Peale’s American Museum
In this self-portrait, artist and curator Charles Willson Peale depicts himself lifting a gold-fringed red curtain to reveal his museum, while inviting the viewer to come forward and enter. The hall behind him is on the second floor of Philadelphia’s Independence Hall, known from 1802 to 1854 as Peale’s American Museum.
The Hunterian Museum
This image documents the “Crystal Room” of the Royal College of Surgeons (RCS) as it was arranged in 1842. The two foremost specimens are a skeleton of the Mylodon (a large land-sloth from the ice age) on the left, and an armored shell of the Glyptodon (a large relative of the armadillo, also from the ice age) on the right.

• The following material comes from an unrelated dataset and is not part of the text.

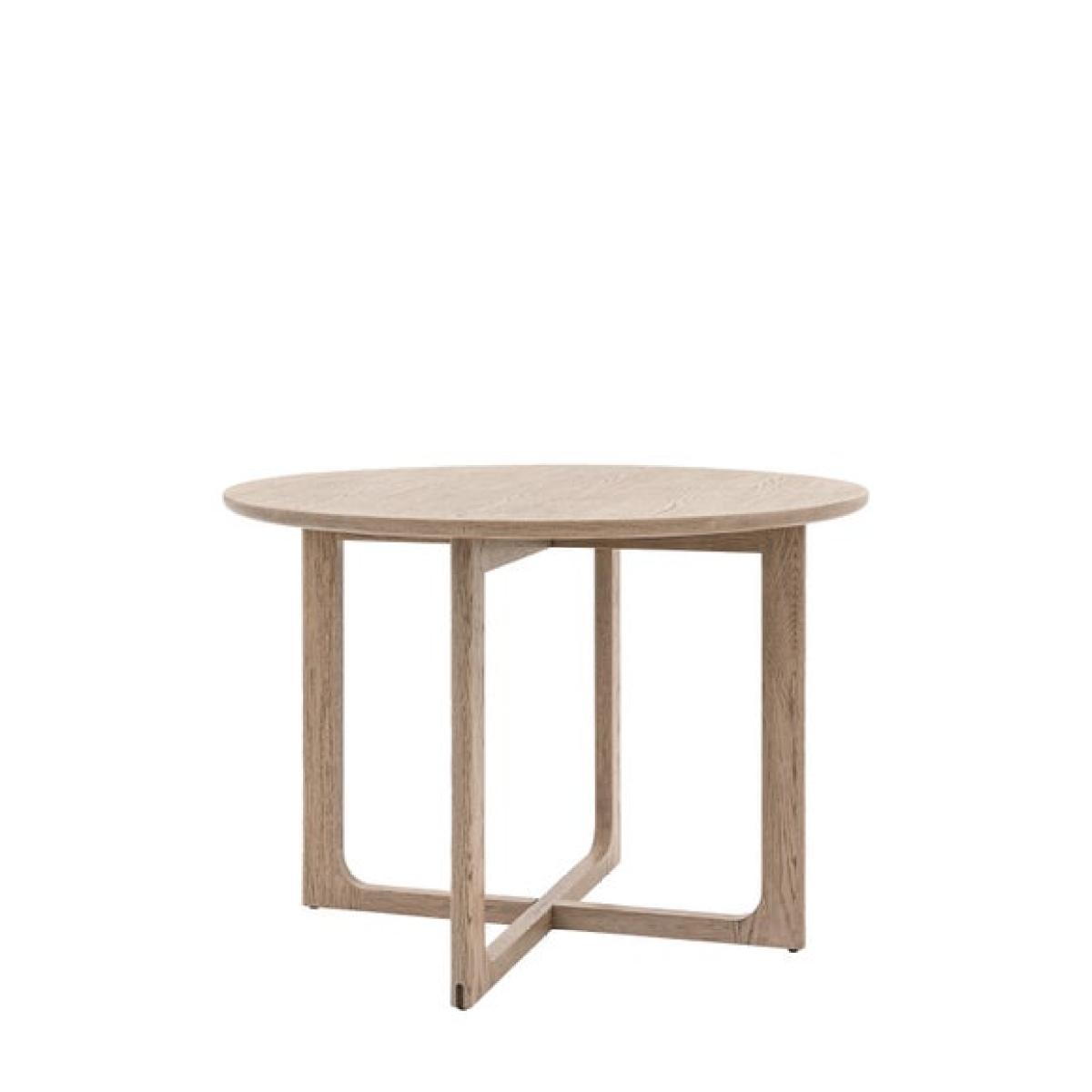 Cedar and Sage Avesta 4 Seater Round Dining Table – image 6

National Gallery of Practical Science
George Scharf’s 1832 watercolor depicts the interior of the main hall in the National Gallery of Practical Science, Adelaide Street, on the north side of the Lowther Arcade, West Strand, London.
British Museum
This watercolor captures a view of the British Museum’s Egyptian Room, and a portion of the Townley Gallery beyond, as they appeared in 1820. Visible in the Egyptian Room are a series of monumental stone sculptures, placed on low plinths, that run along either side of the central walkway.
Thomas Gwennap’s “Oplotheca”
This image depicts the interior of Thomas Gwennap’s “Oplotheca” (derived from the Greek term hoplothêkê, meaning armory) at no. 20, Lower Brook St., London, as it was arranged in 1816. On the left side of the image, along the wall, stand three full suits of armor, flanked by two armored equestrians.